The comedy crew known as the ‘Chasers’, nesting in the ABC, have injected some form of merriment into proceedings. They brought themselves worldwide notoriety by showing that the security establishment around such talk-fests as APEC are nothing more than grand placebos. After getting through two security barriers, the comedian who was arrested first was the one who looked like a police officer, not the one dressed as bin Laden. A Federal politician has suggested that the Australian Intelligence [sic] Services monitor their movements.

One is only irritated with the Chasers because the Prime Minister, John Howard, should not be graced with bunnies dancing around with electoral slogans on interest rates. When Howard started being spotted on his power walks, you knew that policy was walking away from him, just as you knew China was in trouble when Mao took to the Yangtze.
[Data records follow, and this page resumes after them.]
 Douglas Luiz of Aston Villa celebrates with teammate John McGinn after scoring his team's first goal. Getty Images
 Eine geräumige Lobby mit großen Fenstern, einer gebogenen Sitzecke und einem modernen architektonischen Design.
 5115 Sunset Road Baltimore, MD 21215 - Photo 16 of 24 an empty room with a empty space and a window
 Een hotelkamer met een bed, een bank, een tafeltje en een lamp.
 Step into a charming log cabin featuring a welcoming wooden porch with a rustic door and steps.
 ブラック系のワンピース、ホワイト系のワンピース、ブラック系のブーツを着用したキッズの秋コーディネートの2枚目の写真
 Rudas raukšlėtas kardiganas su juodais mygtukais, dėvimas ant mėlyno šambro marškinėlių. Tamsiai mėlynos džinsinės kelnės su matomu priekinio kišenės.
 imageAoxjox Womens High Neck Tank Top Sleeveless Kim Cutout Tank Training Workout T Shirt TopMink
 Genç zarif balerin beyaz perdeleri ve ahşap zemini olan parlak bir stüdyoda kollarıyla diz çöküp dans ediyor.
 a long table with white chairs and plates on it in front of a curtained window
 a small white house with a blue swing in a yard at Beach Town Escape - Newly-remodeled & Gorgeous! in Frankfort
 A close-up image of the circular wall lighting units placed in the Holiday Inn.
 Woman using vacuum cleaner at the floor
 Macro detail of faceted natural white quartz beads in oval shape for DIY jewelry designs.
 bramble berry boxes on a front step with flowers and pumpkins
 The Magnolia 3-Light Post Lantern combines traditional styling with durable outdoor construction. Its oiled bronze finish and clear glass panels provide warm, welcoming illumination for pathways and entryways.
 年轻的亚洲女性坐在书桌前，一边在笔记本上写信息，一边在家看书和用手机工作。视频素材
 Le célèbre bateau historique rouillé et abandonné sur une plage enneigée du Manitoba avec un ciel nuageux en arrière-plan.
Modern public relations for ‘active’ politicians such as Howard is simply a measure of how finely you can excise the demon of policy from the art of politics: run on a daily basis, and we will be comforted the way America was assured by a golf-playing Eisenhower. Only the French (a la Sarkozy), would find the idea of a walking, running politician suspicious, but then again, they would find anything that takes the human way from the bistro distressing. Now that, Mr. Howard, is civilization, and a ‘comfortable’ life worth having.